Jadi, apabila KDB suatu lahan telah mencapai 80-85% dan ditempatkan di kawasan wisata, itu berarti telah merobah peruntukkan ruangnya. Tidak usah lagi dikelabui dengan kegiatan membangun fasilitas penunjang wisata sehingga kegiatannya menjadi sah. Tidak begitu. Lihat jumlah lahan yang tertutup atap dan atau beton. Dari situ saja, tanpa melihat untuk apa kegiatan atau usaha itu, kita semua dapat menghitung, bahwa dimaksudkan oleh pembangunan fisik tersebut bukanlah semata-mata untuk wisata, tetapi membuat pusat bisnis baru yang masuk dalam peruntukkan kawasan komersil. Arti semua itu adalah merubah peruntukkan ruang dari kawasan wisata menjadi kawasan komersil. Yang selanjutnya pula, kawasan yang rentan ini telah dihuni oleh bangunan-bangunan yang mempunyai kegiatan-kegiatan yang akan mempengaruhi bahkan merusak sumberdaya alam di wilayah tersebut. Sangat ketat dan sangat teliti pengawasannya, karena itu, lebih baik kawasan wisata sekaligus kawasan lindung, jangan dijadikan kawasan komersil. Sebab, melakukan pengawasan dengan ketelitian tinggi masih merupakan pekerjaan yang sulit untuk dilaksanakan di kota Manado ini. Banyak bukti yang sudah terjadi.

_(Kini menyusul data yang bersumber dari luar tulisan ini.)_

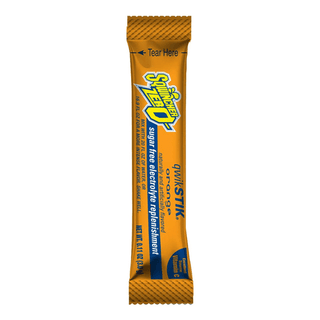 Sqwincher® Quik Stik® Zero Orange Electrolyte Replenishment Drink Mix | Quantity - 1x CS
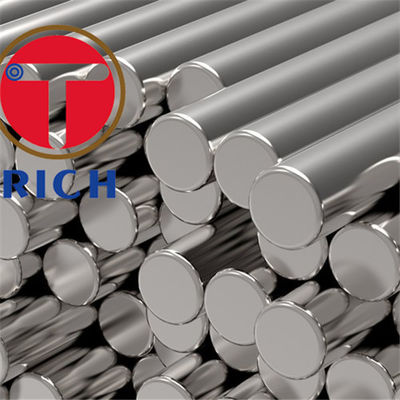 barre lumineuse étirée à froid 304 de 2mm Torich 321 acier inoxydable de 316l 310s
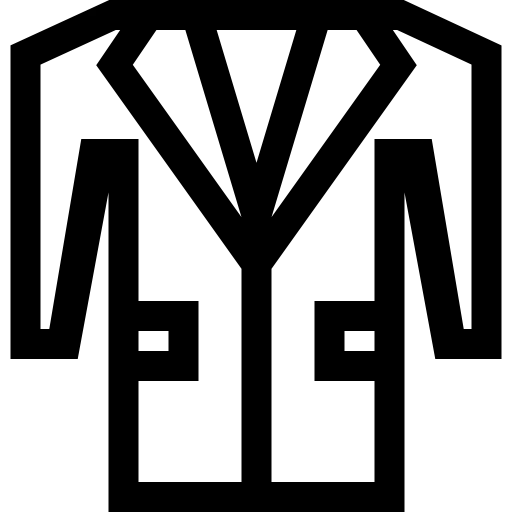 Coat icon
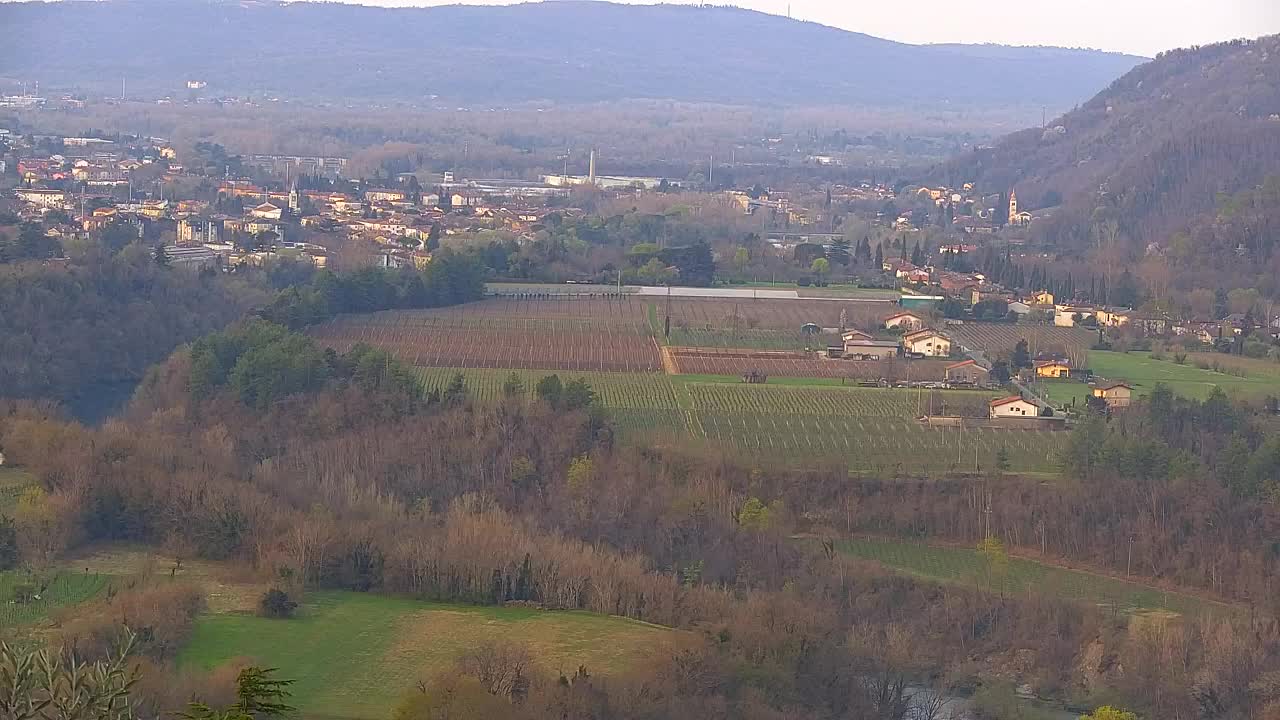 Scopri la Webcam Senza Confini tra Nova Gorica e Gorizia!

Kejadian lain lagi, coba kita lihat pembangunan-pembangunan fisik lainnya seperti pembangunan rumah toko, fasilitas umum lainnya seperti rumah sakit yang dibangun di sempadan sungai-sungai dan sengaja menutupi sungai-sungai. Dan tragisnya lagi bahwa, pembangunan fisik ini bukanlah mempertimbangkan dengan kondisi alam di lokasinya melainkan cenderung merusak.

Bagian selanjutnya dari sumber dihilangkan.